ExecStartPost=/bin/chmod 660 /run/flaskapp.sock
ExecStartPost=/bin/chown flaskapp:www-data /run/flaskapp.sock
After any change: sudo systemctl restart flaskapp nginx
Step 10: Deploying updates
Create a deployment script:
sudo nano /home/flaskapp/deploy.sh
#!/bin/bash
set -e
APP_DIR="/home/flaskapp/app"
cd "$APP_DIR"
echo "Pulling latest code..."
git pull origin main
echo "Activating virtual environment..."
source venv/bin/activate
echo "Installing/updating dependencies..."
pip install -r requirements.txt
echo "Running database migrations (if using Flask-Migrate)..."
# flask db upgrade
echo "Restarting Gunicorn..."
sudo systemctl restart flaskapp
echo "Deployment complete"
sudo systemctl status flaskapp --no-pager
chmod +x /home/flaskapp/deploy.sh
For zero-downtime restarts, use Gunicorn's graceful reload:
# Send SIGHUP instead of full restart
sudo systemctl reload flaskapp
# or: kill -HUP $(cat /var/run/flaskapp.pid)
Database migrations during deployment
If you're using Flask-Migrate (Alembic), run flask db upgrade before restarting Gunicorn. Always test migrations on a staging server first. For tables with millions of rows, long-running ALTER TABLE can cause downtime — use online schema change tools like pt-online-schema-change for MySQL or the zero-downtime patterns built into PostgreSQL's ALTER TABLE ADD COLUMN.
Common production problems
502 Bad Gateway from NGINX:
Gunicorn isn't running or the socket path is wrong. Check: sudo systemctl status flaskapp and verify the socket file exists: ls -la /run/flaskapp.sock.

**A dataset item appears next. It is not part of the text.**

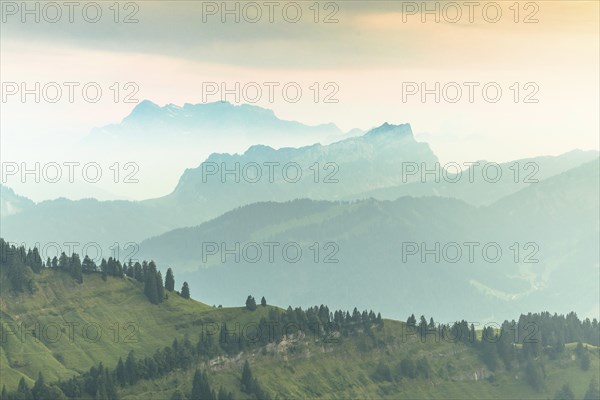 An impressive panorama of mountains with rocky peaks and dense forests under a cloudy sunset,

Static files returning 404:
The alias path in your NGINX config doesn't match your actual static directory path. Run ls /home/flaskapp/app/app/static/ to verify.
"Working outside of application context" errors:
These happen when Flask code runs outside a request. Wrap database operations in with app.app_context(): or use @app.before_request.
High memory usage:
Each Gunicorn worker loads the entire Python application. Reduce --workers if RAM is the constraint. Use --max-requests 1000 to recycle workers periodically and prevent memory leaks.
Slow cold start:
Flask apps with many imports take time to initialize. Gunicorn's --preload flag loads the app once in the master process and forks workers: gunicorn --preload --workers 3 .... This reduces per-worker startup time but means all workers share the initial app state.
Your Flask application is now production-ready: served by Gunicorn workers, proxied through NGINX, managed by systemd, and secured with HTTPS.